1) Lataif al-Isyarah

2) Adab al-Shufiyah

3) Al-Arba’un fi al-Hadits

4) Istifadhah al-Muradat

5) Balaghah al-Maqashid fi al-Tasawuf

6) At-Tahbir fi Tadzkir

7) Tartib al-Suluk, fi Thariqillahi Ta’ala

8) Al-Tauhid al-Nabawi

9) At-Taisir fi ‘Ilmi al-Tafsir, dll.

C. Kitab Tafsir Lataif Al-Isyarah

  1. Sistematika kitab Lataif al-Isyarah

       Kitab tafsir yang berada ditangan penulis adalah kitab tafsir Imam Abi al Qasim Abdul Karim Ibn Hawazan Ibn Abdul Mulk al Qushayrial-Naysaburi-al-Shafi’iy, editor Abdul Latif Hasan Abdurrahman. Diterbitkan di Beirut oleh Dar al Kutub al ‘Ilmiyyah pada tahun 2007, yang berjumlah tiga jilid dengan jumlah halaman -+ 700 halaman.

     Sistematika yang ditempuh oleh al-Qusyairi didalam menafsirkan kitab tafsirnya adalah dengan cara menafsirkan seluruh ayat al-Qur’an sesui dengan urutan mushaf al-Qur’an resam utsmani, yaitu dimulai dari surat al-Fatihah sampai berujung pada surat al-Nas.

        Pada tiap penafsiran biasanya beliau memulai dengan penafsiran atas lafadz basmalah, baru dilanjutkan dengan penafsirannya terhadap ayat-ayat lain, tidak jarang beliau juga menafsirkan huruf – huruf muqotto’ah dan juga tiap-tiap huruf dalam satu ayat. Hal itu menunjukkan akan besar dan luasnya pengetahuan al-Qusyairi didalam memahami firman Allah tersebut.

  1. Metode Penafsiran kitab Lataif al-Isyarah

     Dalam dunia penafsiran dikenal yang namanya metode untuk digunakan seorang penulis didalam menafsirkan al-Qur’an. Secara umum metode penafsirkan terbagi menjadi empat, yaitu metode ijmali (Global), metode tahlili, metode muqarin, dan metode maudlu’i (tematik).[13]

     Al-Qusyairi dalam muqaddimahnya telah menuliskan metode yang beliau pakai didalam menafsirkan ayat-ayat al-Qur’an dimana  terdapat dua metode yang digunakan, yaitu pertama, dengan menukil ucapan, pendapat atau kaedah dari orang-orang shaleh yang diyakini sebagai orang suci, para aulia/kekasih Allah swt. Hal ini dapat beliau lakukan dengan cara mendengar langsung dari guru-guru beliau.

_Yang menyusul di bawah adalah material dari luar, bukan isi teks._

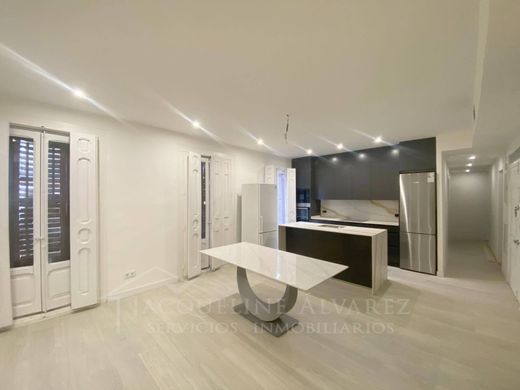 Apartment / Etagenwohnung in Madrid, Provinz Madrid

Kedua, pemahaman al-Qusyairi sendiri terhadap ayat-ayat al-Qur’an dengan bantuan ilmu-ilmu tasawuf yang telah ia kuasai[14].

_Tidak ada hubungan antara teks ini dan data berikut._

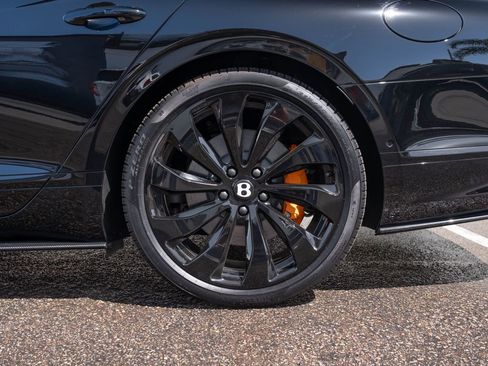 Used 2025 Bentley Flying Spur Plug-In Hybrid AWD/4WD image 36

          Kitab ini berisikan isyarat-isyarat al-Qur’an dengan pemahaman ahli ma’rifat, baik dari ucapan mereka maupun kadah yang mereka buat. Imam al-Qusyairi membuat buku ini dengan keua metode tersebut, buku ini dibuat dengan gaya ringkas dan simpel agar tidak membosankan, dengan berharap kepada Allah swt.[15]

  1. Corak Penafsiran Kitab Lataif al-Isyarah

        Salah satu tolok ukur yang digunakan dalam kategorisasi tafsir adalah corak tafsir, dimana tiap-tiap mempunyai corak tersendiri yang membedakan dengan tafsir-tafsir lain. adapun yang disebut dengan corak tafsir disini adalah kecenderungan atau aliran keilmuan mufassir yang mewarnai tafsirannya.

        Merujuk pada pernyataan diatas, tafsir Lataif al-Iasyarah ini masuk dalam kategori corak sufi, karena pembahasannya banyak diwarnai oleh nuansa sufistik. Hal tersebut tidak mengherankan mengingat al-Qusyairi merupakan salah seorang tokoh sufi yang sangat berpengaruh di dunia islam dan khususnya dunia sufisme, bahkan beliau juga mempunyai sebuah karya yang berisikan tentang kaedah-kaedah sufi, kitab tersebut berisikan tentang dua hal adapun yang pertama  menjelaskan tentang biografi para sufi dan mengutip beberapa perkataan mereka. yang kedua menjelaskan tentang kaedah umum tentang ilmu tasawuf[16].  Buku ini ditulis pada tahun 473 H dan diajakan kepada umat islam di nengara-negara islam saat itu. kitab ini beliau beri nama al-Risalah al-Qusyairiyyah.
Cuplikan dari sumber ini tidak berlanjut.